Activity ▸
Stop at the line containing "Used Siemens 3RV1021-1JA10": write out every line from the beginning of the entries up to and including it, minus the pictures.

Given information ▸
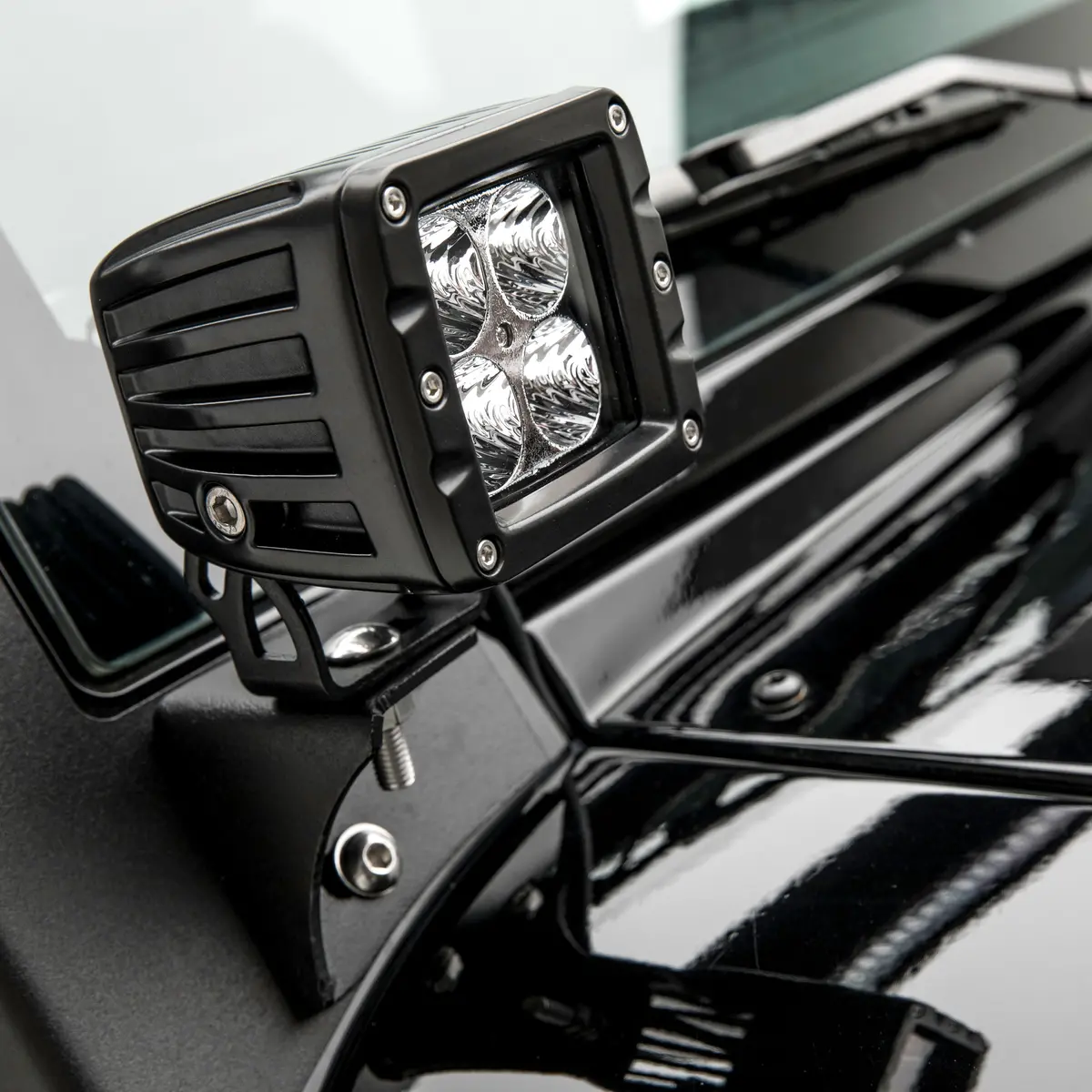 Aries 1501304 Led Lights For Jeep Wrangler Jk And Windshield Brackets, 2-Inch, 2,200-Lumen Spot Beams 1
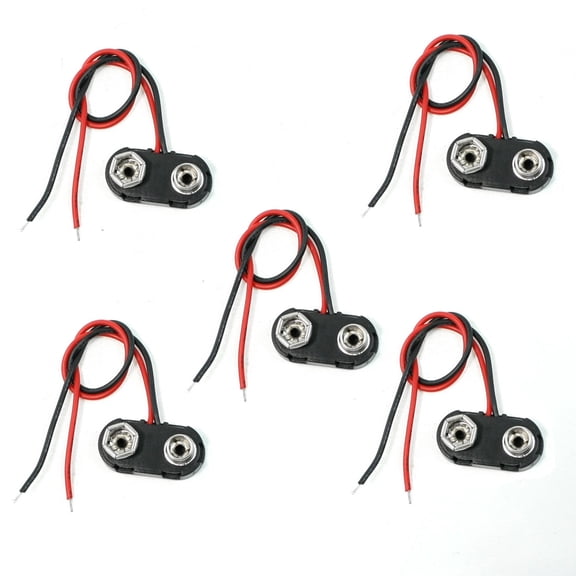 Unique Bargains 5 Pcs I Type 9V Battery Clip Connector Cable Cord Black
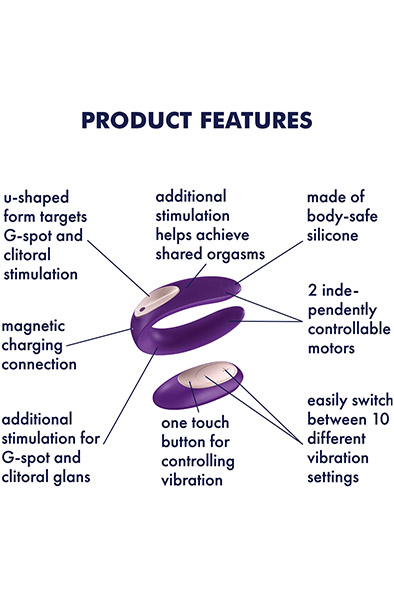 Satisfyer Partner Plus Remote - Nuotoliniu būdu valdomos poros vibratorius 2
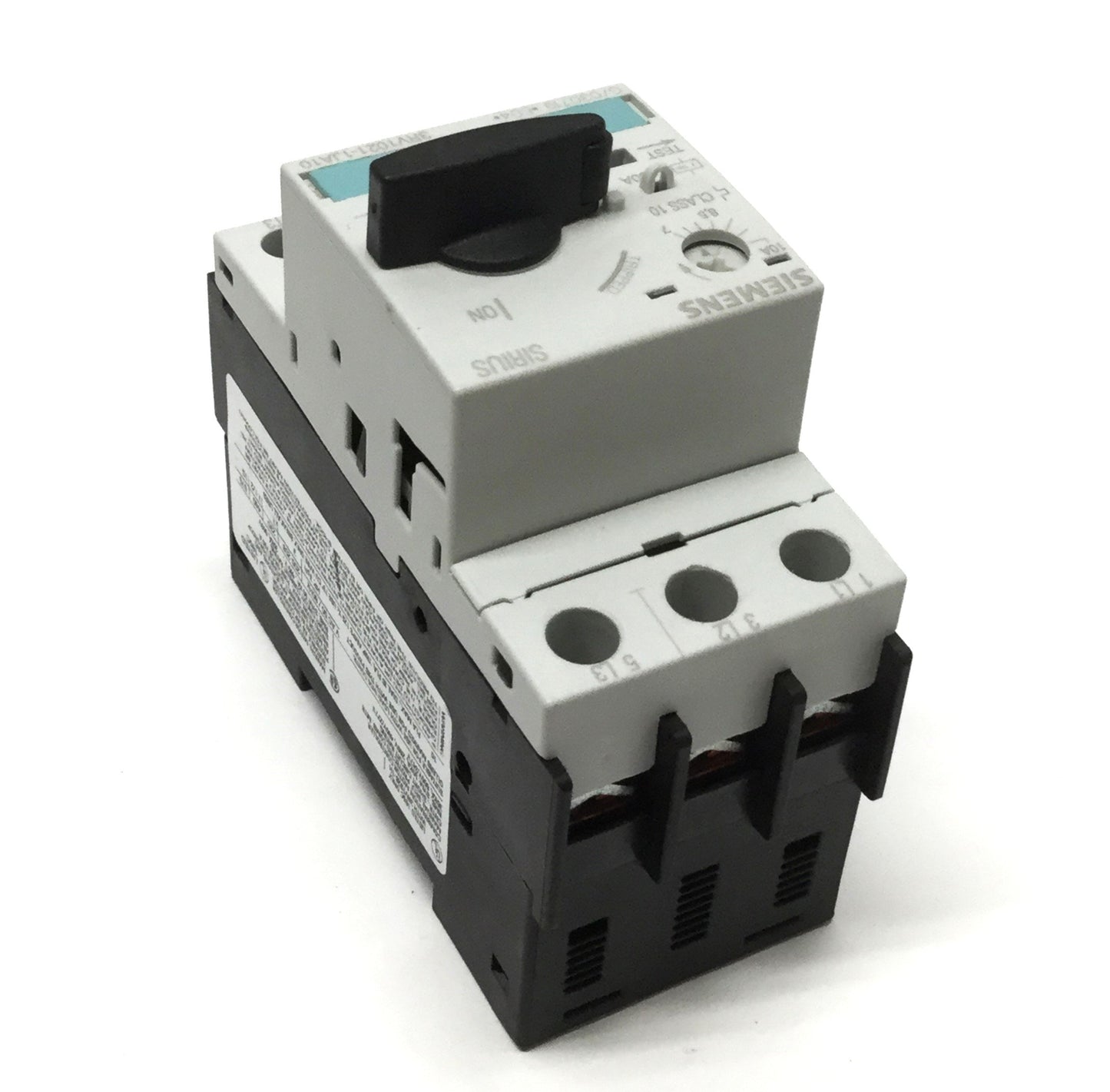 Used Siemens 3RV1021-1JA10 Sirius Motor Protector Circuit Breaker, 3-Pole, 7-10A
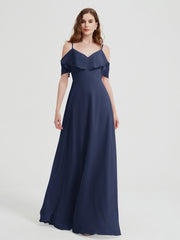 Spaghetti Bretelles Col En V Mousseline Robes Longues Bleu Marine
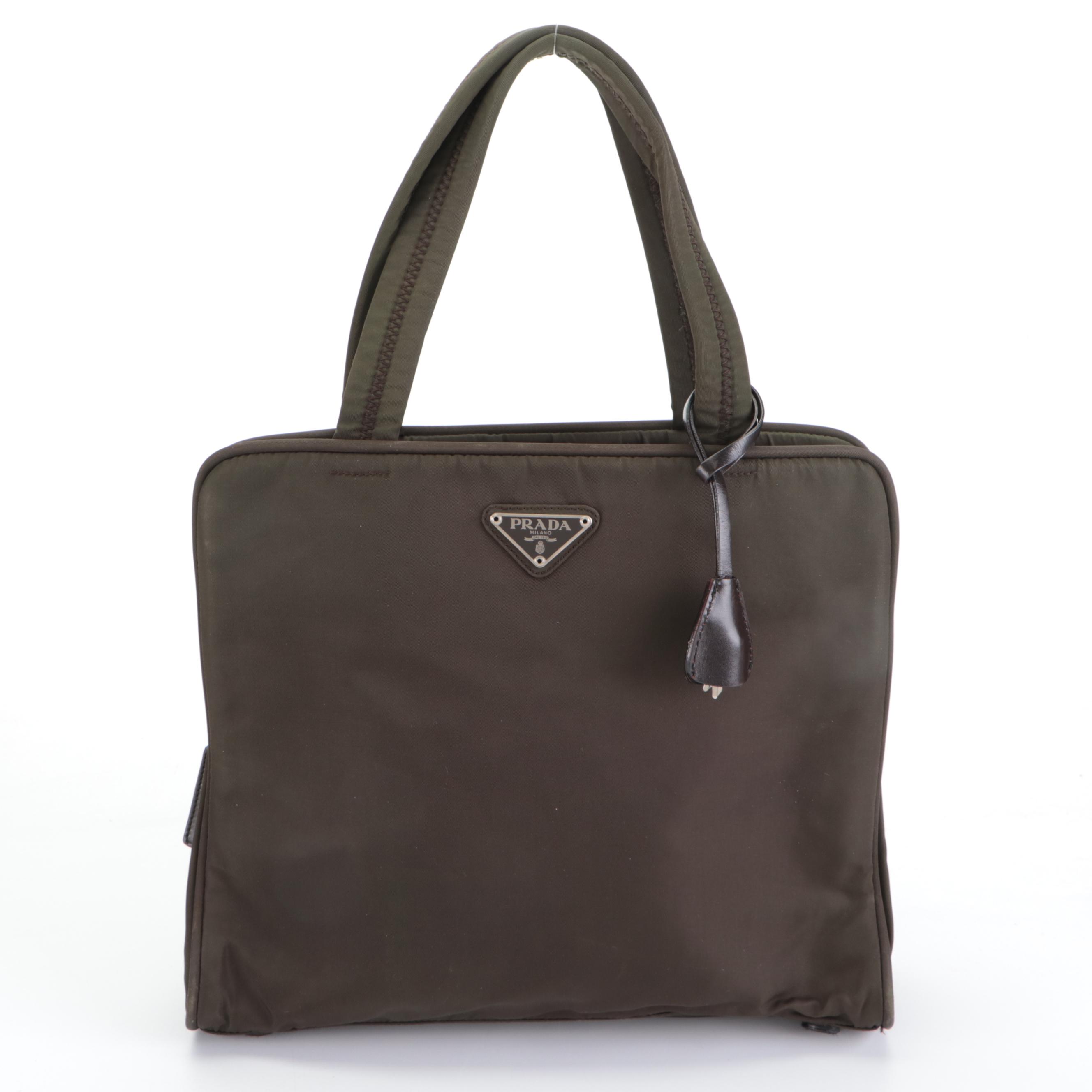 Prada Small Handbag in Olive Green Tessuto Nylon and Dark Brown Leather Trim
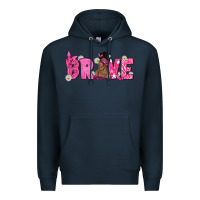 Navy Breast Cancer Brave with Afro Woman Premium Hoodie - texasbilliewilder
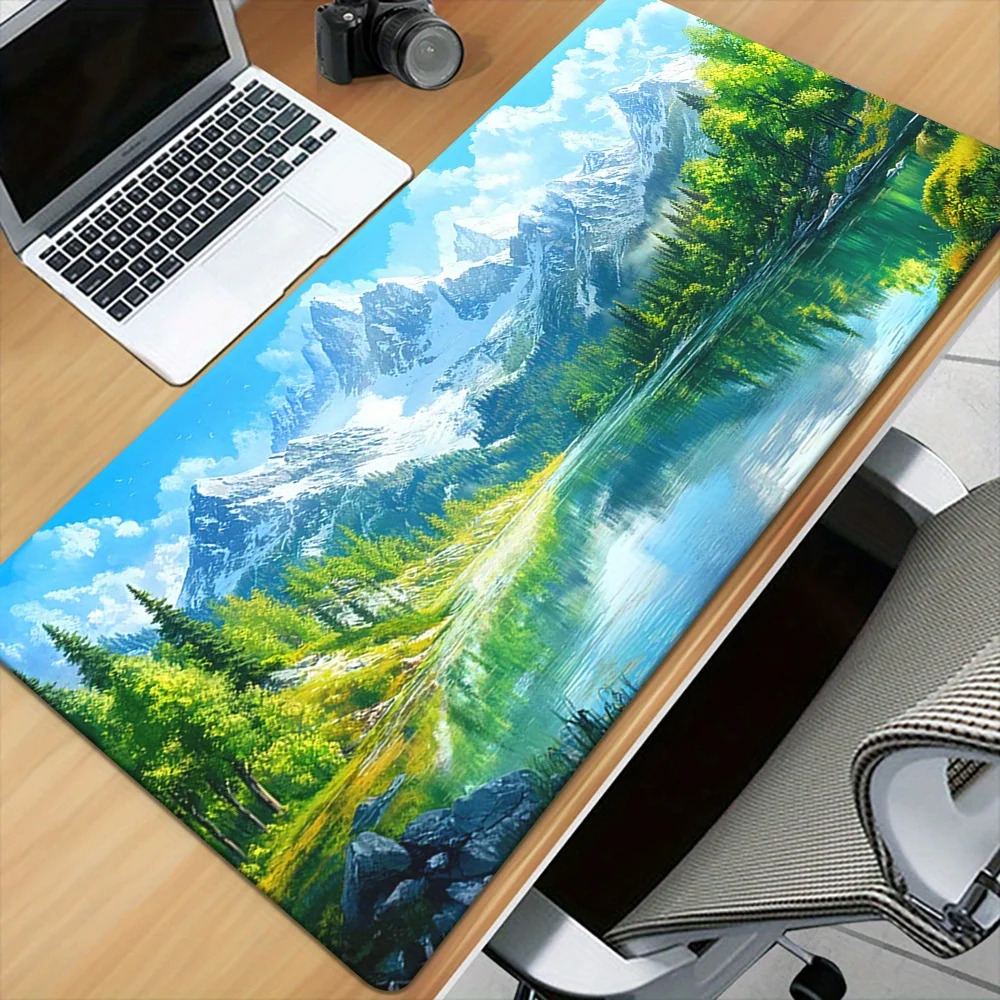 

Коврик для мыши Snow Mountain XXL, игровой коврик для стола, резиновая нескользящая основа, коврик для мыши для ПК, ноутбука, офиса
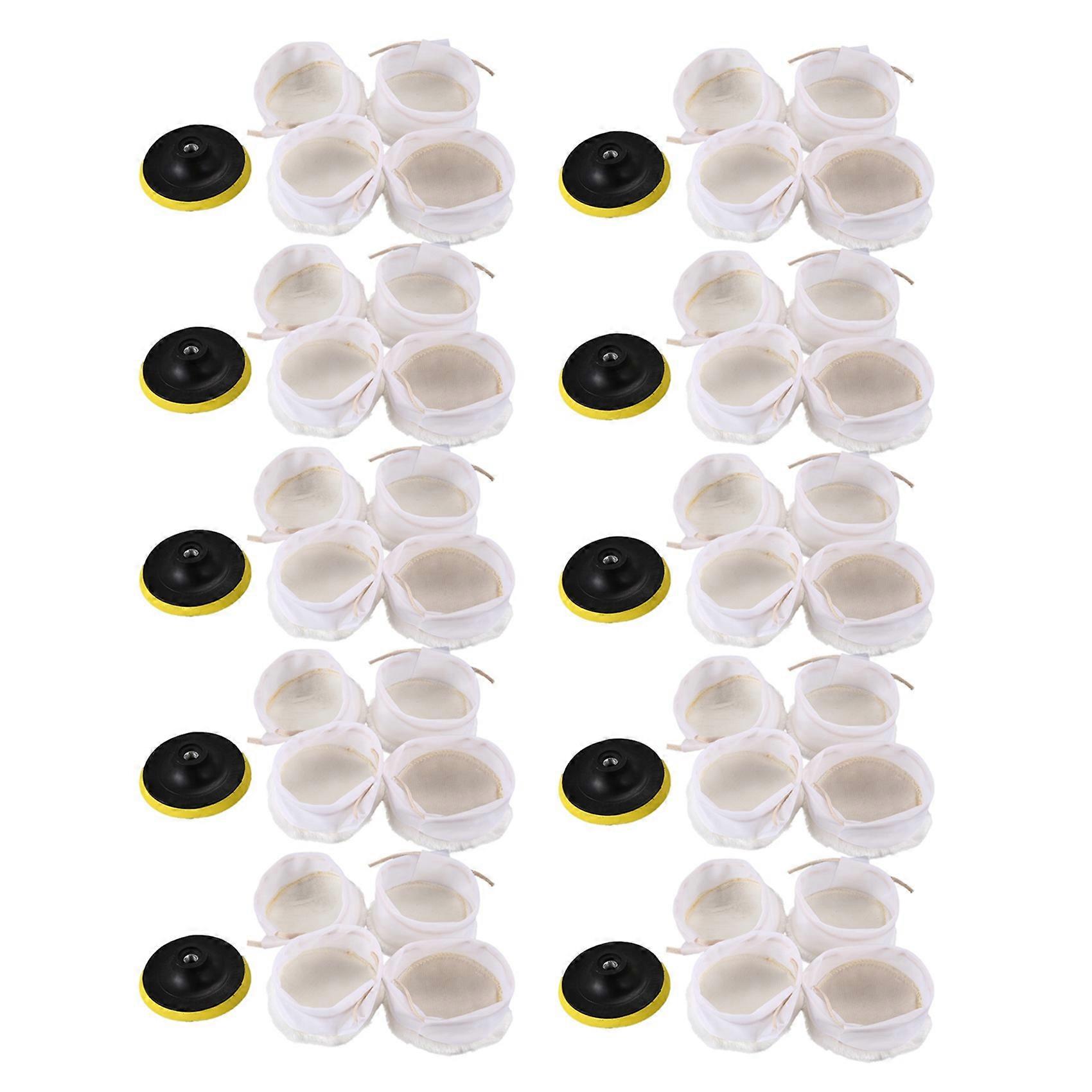 5Pcs Polisher/Buffer kit Soft Wool Bonnet Pad White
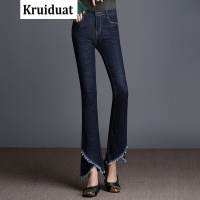 Kruidvat2017春装大码牛仔裤女喇叭裤女裤脚开叉毛边弹力修身微喇裤N0117009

Response below ▸
 Aries 1501304 Led Lights For Jeep Wrangler Jk And Windshield Brackets, 2-Inch, 2,200-Lumen Spot Beams 1
 Unique Bargains 5 Pcs I Type 9V Battery Clip Connector Cable Cord Black
 Satisfyer Partner Plus Remote - Nuotoliniu būdu valdomos poros vibratorius 2
 Used Siemens 3RV1021-1JA10 Sirius Motor Protector Circuit Breaker, 3-Pole, 7-10A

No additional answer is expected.